With no meaningful movement in interest rates, homebuyers had little incentive to refinance and that contributed to the bank’s net income falling 8.6 percent to $37.7 million, or 85 cents a share, from $41.2 million, or 92 cents a share, a year earlier.
Still, the earnings beat analysts’ consensus estimate of 84 cents a share and the stock jumped 1.4 percent, or 81 cents, to close Monday at a 52-week high of $58.22. The stock is now up 31.2 percent this year.
"It was one of the better quarters I’ve seen from them in the past year or so," said Nashville, Tenn.-based analyst Brett Rabatin of brokerage firm Sterne Agee. "They had really nice loan growth this quarter. It was very broad-based across the portfolio and deposit flows were nice. The net interest margin (the spread between lending and deposit rates) was up (from the second quarter). The only challenge was around mortgage banking, and most of the industry has had that challenge with the reduction in refinance activity, so it’s not too big of a surprise there."

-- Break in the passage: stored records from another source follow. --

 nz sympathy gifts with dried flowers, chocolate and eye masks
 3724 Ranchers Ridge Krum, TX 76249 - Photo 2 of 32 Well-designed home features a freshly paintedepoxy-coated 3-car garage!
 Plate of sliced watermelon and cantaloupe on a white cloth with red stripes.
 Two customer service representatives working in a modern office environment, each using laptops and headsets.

Bankoh’s mortgage banking income was down nearly $8 million, falling to $4.1 million from $11.7 million at the same time a year ago. As a result, the bank’s noninterest income fell 14 percent last quarter to $45.1 million from $52.4 million.
"That really just reflects what’s happening in the mortgage banking arena right now," said Peter Ho, chairman, president and CEO of Bank of Hawaii. "As interest rates have risen, our mortgage volumes have fallen. And with the (home) purchase market so tight right now because of very little inventory, it’s hard for us to make up for that volume."

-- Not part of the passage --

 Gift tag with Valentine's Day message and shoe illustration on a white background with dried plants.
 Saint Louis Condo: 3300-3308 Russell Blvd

He said what drives the refinance boom is a precipitous drop in rates.
"Until people can get a rate that’s meaningfully lower than what their existing rate is, we won’t see much refinancing activity," Ho said.
Despite the lower mortgage origination activity caused by lower refinance trends, Bankoh’s overall loan growth rose 3.9 percent to $6 billion from $5.8 billion in the year earlier quarter. An 11 percent increase in commercial loans and a 7 percent gain in consumer loans (home equity, auto loans and installment loans) more than offset a 5 percent decline in residential mortgage loans. The banks overall loans were up 2.5 percent from the second quarter.

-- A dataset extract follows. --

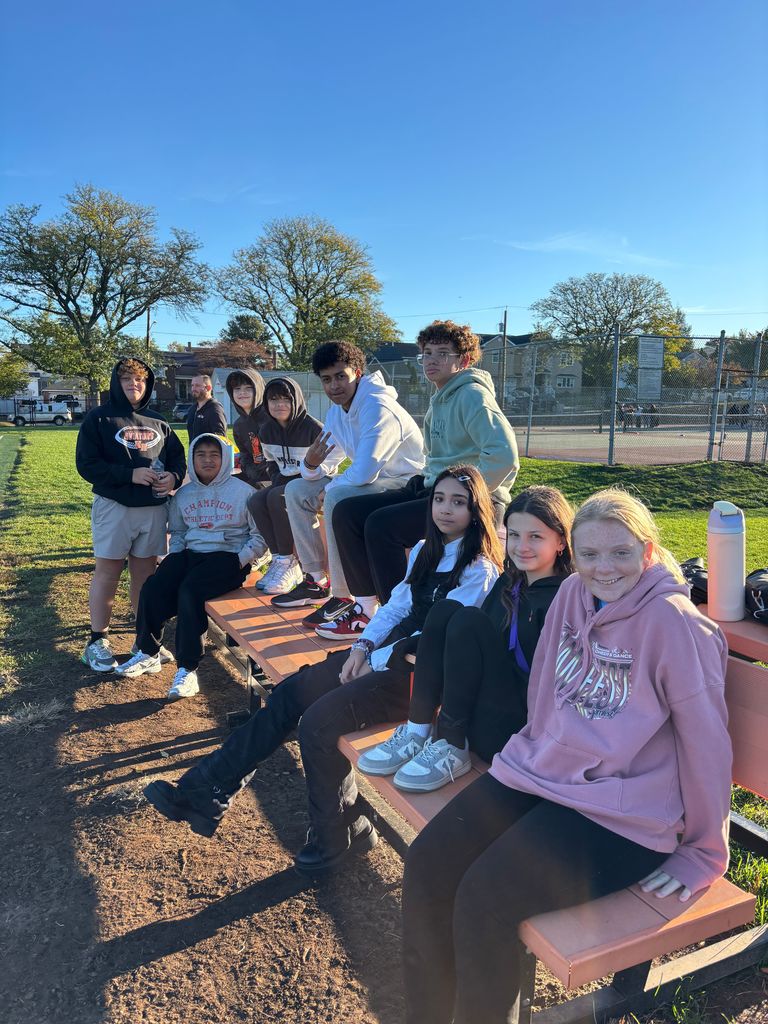A group of kids sitting on bleachers. 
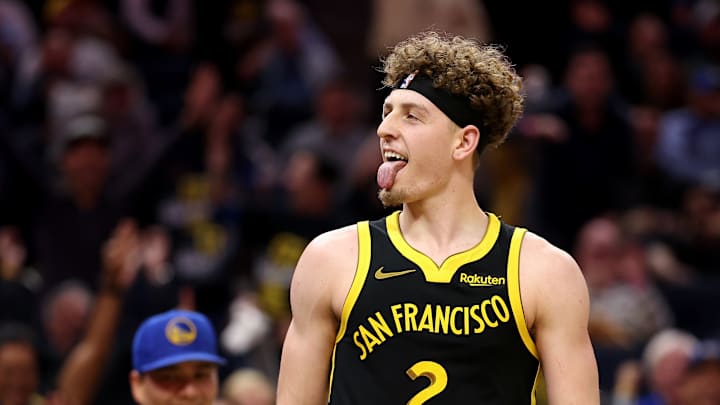Brandin Podziemski celebrates during the Golden State Warriors loss to the Minnesota Timberwolves on Tuesday night.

Ho said when refinancing is popular, the Bank of Hawaii can lose some of its loans to competitors.
"There’s a number of other mortgage providers, and in a heavy refinance market, you get a lot of churn in your own portfolio that can have the impact of reducing your loan balances," Ho said. "As the refinance activity slows, what will end up happening is our loan balances will become more stable."
Bankoh also boosted its assets during the quarter by 3.5 percent to $13.8 billion from $13.4 billion. First Hawaiian Bank is the state’s largest bank in terms of assets at $16.7 billion.
Deposits at Bankoh increased 3.5 percent to $11.6 billion from $11.2 billion.
Net interest margins at banks nationwide have been squeezed because of low interest rates, but Bankoh saw a silver lining last quarter as the spread between lending and deposit rates improved to 2.83 percent last quarter from 2.77 percent in the second quarter. A year ago, though, the net interest margin was 2.98 percent.
Likewise, net interest income declined 2.9 percent to $90.9 million from $93.6 million a year ago but rose 4.1 percent from $87.3 million in the second quarter.
The bank’s nonperforming assets — loans due 90 days or more — declined to $33.8 million in the third quarter from $40.3 million in the year-earlier quarter.